■ **ABOUT THIS EXERCISE**: This exercise asks for an exact copy of the lines from the one containing "Sharp Rise in" through the final line of the material, with pictures omitted.

BEGIN

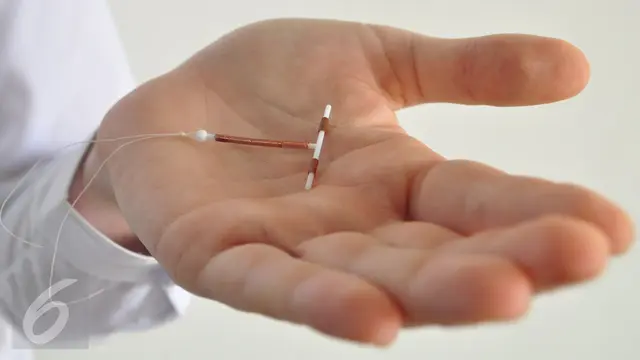 KB IUD
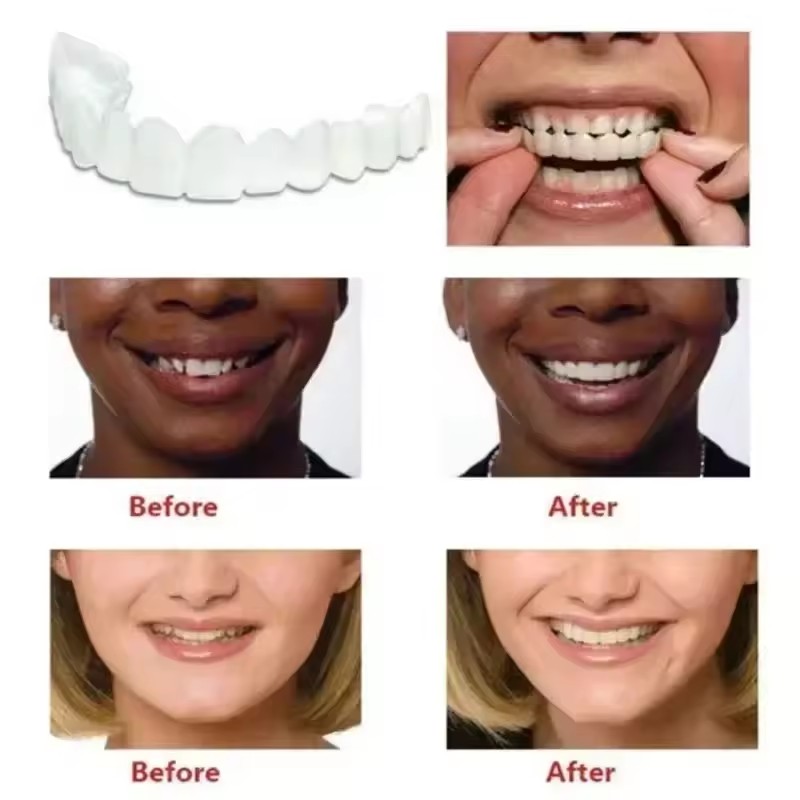 Faccette Dentali Sbiancanti, P - Teeth Whitening Veneers recensione e prezzo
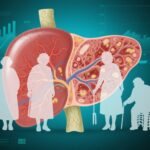 Sharp Rise in Advanced Alcohol-Related Liver Disease Despite Stable Drinking Rates: Changing Population Risks Highlighted by US Data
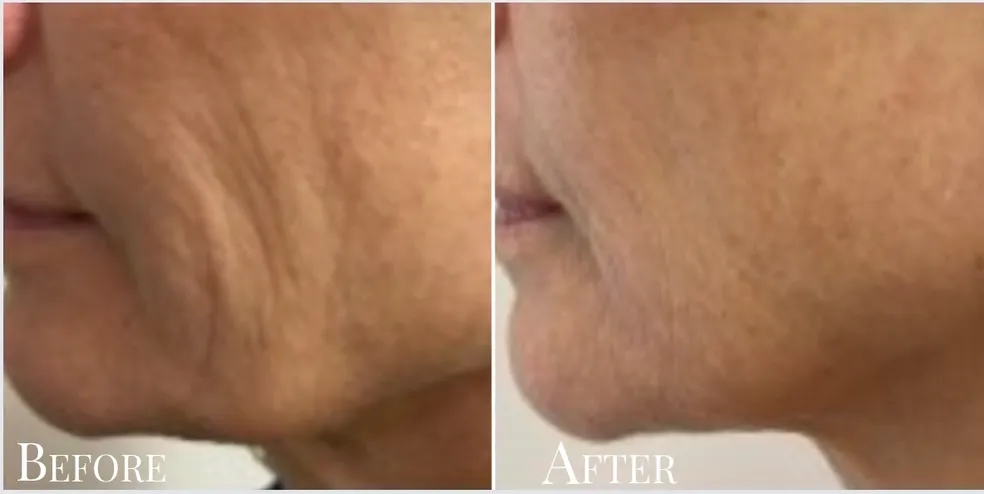 Fractioned RF Needling : Plasma skin tightening client results before and after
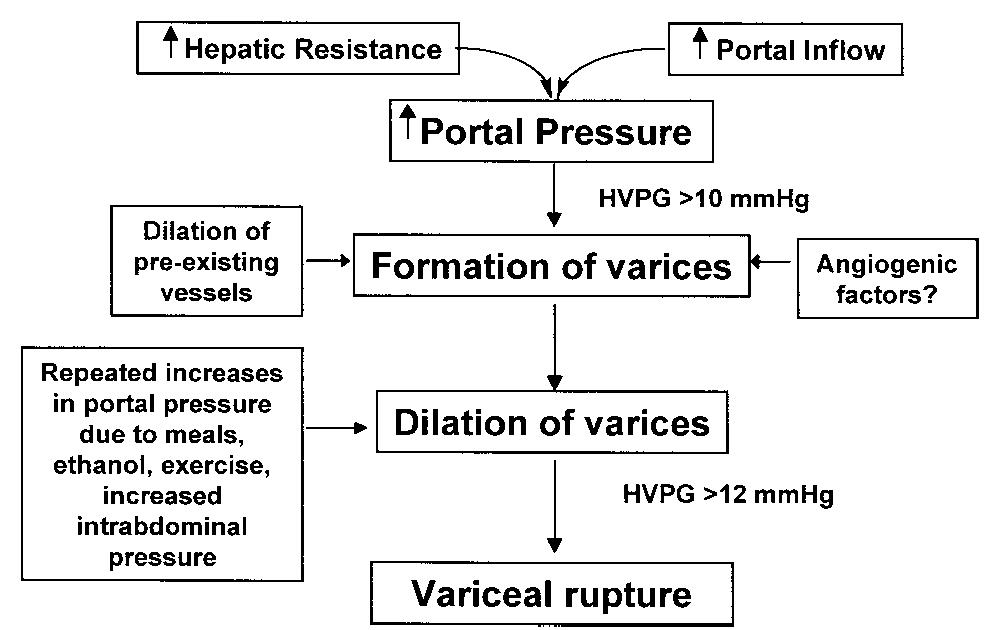 Varices Pathogenesis Natural history of esophageal varices as a function of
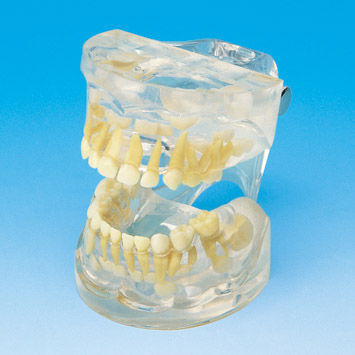 Анатомическая модель прорезывание зубов - PE-PDI001 - Nissin Dental Products Inc.   - для образовательных целей / ребенок / прозрачная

END

■ **ANSWER BOX**:
 Sharp Rise in Advanced Alcohol-Related Liver Disease Despite Stable Drinking Rates: Changing Population Risks Highlighted by US Data
 Fractioned RF Needling : Plasma skin tightening client results before and after
 Varices Pathogenesis Natural history of esophageal varices as a function of
 Анатомическая модель прорезывание зубов - PE-PDI001 - Nissin Dental Products Inc.   - для образовательных целей / ребенок / прозрачная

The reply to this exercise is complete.